I note you have correctly marked 2J4D15E image as being 'editorial only' but you do have others in your portfolio which feature people and property which are not so marked. You should mark all such images as 'editorial only' for your own protection. An example is 2J3RFGX. If the image was purchased and used in an advertisement and the subject of the picture took exception to it,  you could be caught up in any legal arguments which followed. You can lessen the risk by marking all RF pictures with people and property as 'Editorial Only'. You will find much advice in the forums of what constitutes 'property'

 

 

 

 

 

I wanted to mention this as well. I had a quick scan and all the images I came across were RF. When using this licence type you need to be careful to mark images as editorial where appropriate.
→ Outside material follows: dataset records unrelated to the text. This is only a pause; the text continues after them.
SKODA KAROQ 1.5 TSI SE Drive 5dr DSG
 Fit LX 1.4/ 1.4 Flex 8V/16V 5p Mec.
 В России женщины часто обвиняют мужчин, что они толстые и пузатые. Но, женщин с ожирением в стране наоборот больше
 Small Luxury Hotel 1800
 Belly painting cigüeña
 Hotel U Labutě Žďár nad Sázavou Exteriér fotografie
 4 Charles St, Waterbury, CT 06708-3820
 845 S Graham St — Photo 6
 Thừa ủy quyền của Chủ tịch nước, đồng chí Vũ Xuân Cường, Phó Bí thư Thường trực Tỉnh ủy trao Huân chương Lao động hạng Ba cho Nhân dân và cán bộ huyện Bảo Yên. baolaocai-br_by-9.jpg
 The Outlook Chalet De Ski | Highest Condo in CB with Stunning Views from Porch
Generally you can get away with non-editorial for generic, microstock type images and things like nondescript buildings/silhouettes/panoramas, but depending on the country and laws applicable certain very recognisable buildings or panoramas may even be restricted too.  Not all countries have freedom of panorama or similar in regards to photography. With RF non-editorial images, about the riskiest I've ventured was a photograph of a totally non-descript oil rig in silhouette by the sunset - and that's largely because it was accepted at another micro agency that is extremely fussy about marking images as editorial. Anything with people in should be marked as editorial, save perhaps for if they're a literal spec on the horizon.

 

Particularly since Alamy updated their contract I would always advise erring on the side of caution (as I do). The only images I mark RF are those I've duplicated on other agencies either as RF-Editorial or that I am sure are "safe". Such images constitute barely 1/10 of what I have here as I'd rather sell stuff RM - but the choice is up to the individual contributor. Alamy often sells licences as hybrids anyway but you still limit the damage from any comebacks if you've set it right in Image Manager.